5.6. Zur Genehmigungspflicht hinsichtlich des Betriebs einer Betriebsanlage durch Verkauf von pyrotechnischen Artikeln ist die grundsätzliche Bestimmung des § 74 GewO 1994 über die Genehmigungspflicht von Betriebsanlagen heranzuziehen, insbesondere Abs.2 Z1 bis 5, und bei der bereits abstrakten Möglichkeit der Beeinträchtigung der dort umschriebenen Interessen von Genehmigungspflicht auszugehen.

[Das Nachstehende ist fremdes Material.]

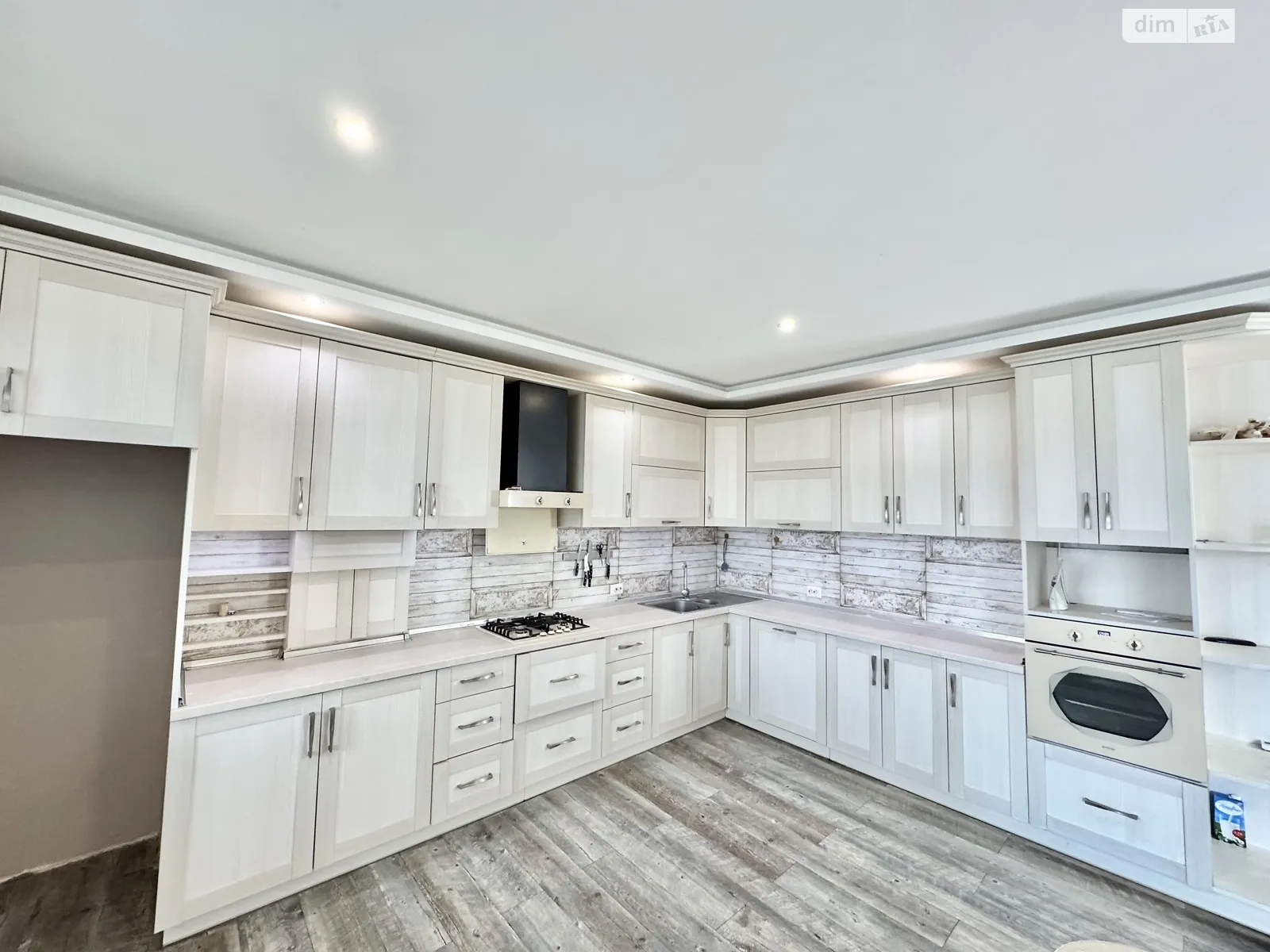 Продается 6-комнатная квартира 208 кв. м в Чернигове, просп. Победы, 119А - фото 1
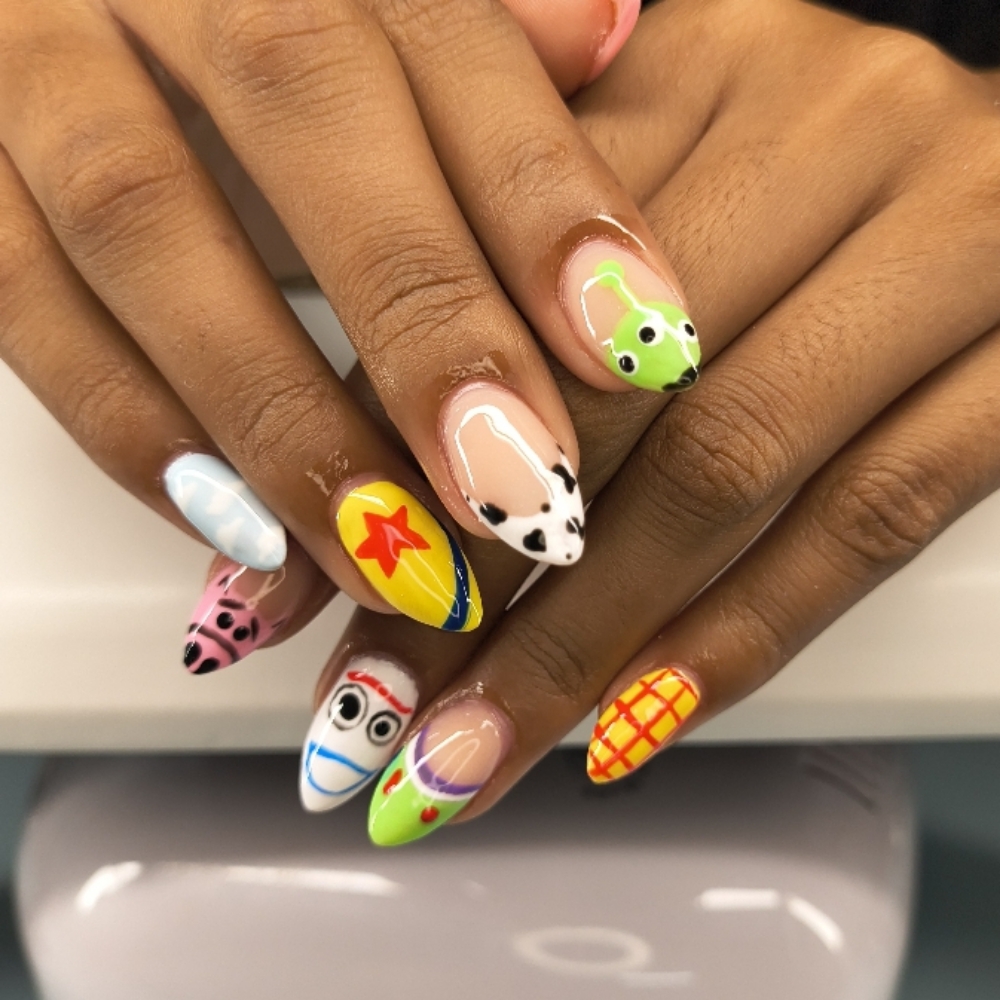 Nail Tech's Freestyle Choice at The Nail Annex in Shafter, CA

Über eine Genehmigungspflicht einer Betriebsanlage sagt daher die im Grunde der §§ 69 und 82 GewO ergangene Pyrotechnik-Lagerverordnung 2004 nichts aus, sondern  ist diese gemäß § 1 Abs.1 der Verordnung sowohl für genehmigungspflichtige als auch für nicht genehmigungspflichtige gewerbliche Betriebsanlagen anzuwenden. Der § 4 der Pyrotechnik-Lagerverordnung 2004 regelt lediglich, dass in nicht genehmigungspflichtigen gewerblichen Betriebsanlagen bestimmte pyrotech­nische Gegenstände nach Maßgabe weiterer Voraussetzungen gelagert werden dürfen. Über die Lagerung von diesen Gegenständen bei genehmigungs­pflichtigen gewerblichen Betriebsanlagen wird keine Aussage getroffen, sondern ist vielmehr von der allgemeinen Bestimmung über die Genehmigungspflicht nach der GewO auszugehen, wobei auf die Übergangsbestimmung des § 20 der Pyrotechnik-Lagerverordnung 2004 – welche hier nicht zum Tragen kommt – Bedacht zu nehmen ist.

 

6. Bei diesem Verfahrensergebnis, weil der Berufung Folge zu geben war, entfallen jegliche Verfahrenskostenbeiträge gemäß § 66 Abs.1 VStG.

 

 

 

Rechtsmittelbelehrung:

Gegen  diesen Bescheid ist kein ordentliches Rechtsmittel zulässig.

 

Hinweis:

Gegen diesen Bescheid kann innerhalb von sechs Wochen ab seiner Zustellung eine Beschwerde an den Verfassungsgerichtshof und/oder an den Verwaltungsgerichtshof erhoben werden; diese muss - von gesetzlichen Ausnahmen abgesehen - jeweils von einem Rechtsanwalt unterschrieben sein. Für jede dieser Beschwerden ist eine Gebühr von 180 Euro zu entrichten.

 

 

Dr. Ilse Klempt

 

 

Beschlagwortung:

genehmigungspflichtige Änderung, Zitierung des Genehmigungsbescheides, Spruchkonkretisierung; pyrotechnische Artikel, keine Ausnahme von der Genehmigungspflicht gemäß Pyrotechnik-Lagerverordnung 2004.